Logo

Cukai Rokok Naik Hingga 12,5 Persen, Namun Belum Optimal Tekan Konsumsi Rokok

Ilustrasi cukai rokok

INFOSULAWESI.com JAKARTA -- Tujuan utama kebijakan cukai hasil tembakau untuk mengendalikan konsumsi tembakau di Indonesia tampaknya belum membuahkan hasil. Hal ini terbukti bahwa kenaikan cukai hasil tembakau ternyata tidak menaikkan harga rokok yang dijual di pasaran.

Ketua Pusat Studi Ilmu Kesehatan Masyarakat Fakultas Kedokteran Universitas Udayana Putu Ayu Swandewi Astuti mengatakan, harga rokok masih terbilang murah dan menyebabkan rokok dapat dijangkau oleh anak-anak.

“Bisa dikatakan pengendalian tembakaunya belum optimal. Memang cukai baru saja dinaikkan sebesar 12,5 persen, dan kenaikannya kalau dilihat dari harga jual memang belum optimal,” ujarnya dalam keterangannya, Sabtu (20/2).

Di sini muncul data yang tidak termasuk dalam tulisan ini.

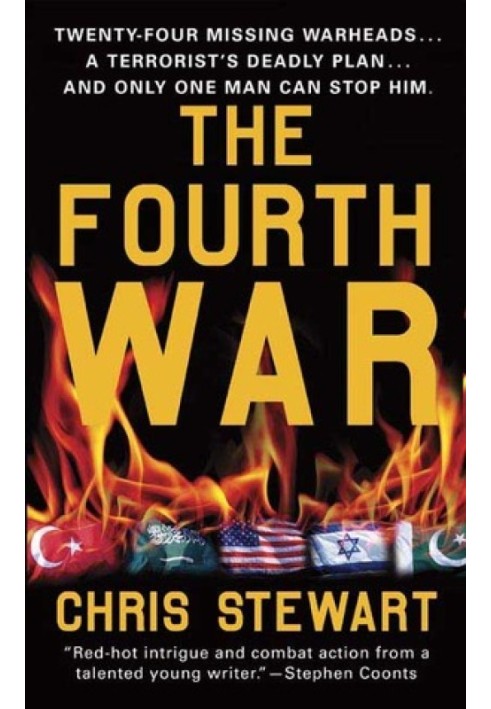 The Fourth War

Ayu mengatakan kenaikan harga rokok saat ini belum mencapai harga di mana masyarakat enggan atau mengurungkan keinginannya untuk membeli rokok.

“Ya tentu saja dengan konsumsi rokok yang murah akan membuat aksesibilitas rokok itu makin tinggi, baik untuk remaja maupun orang dewasa, termasuk bagi mereka yang pendapatannya sendiri pun memang sudah terbatas tapi masih bisa membeli rokok,” katanya.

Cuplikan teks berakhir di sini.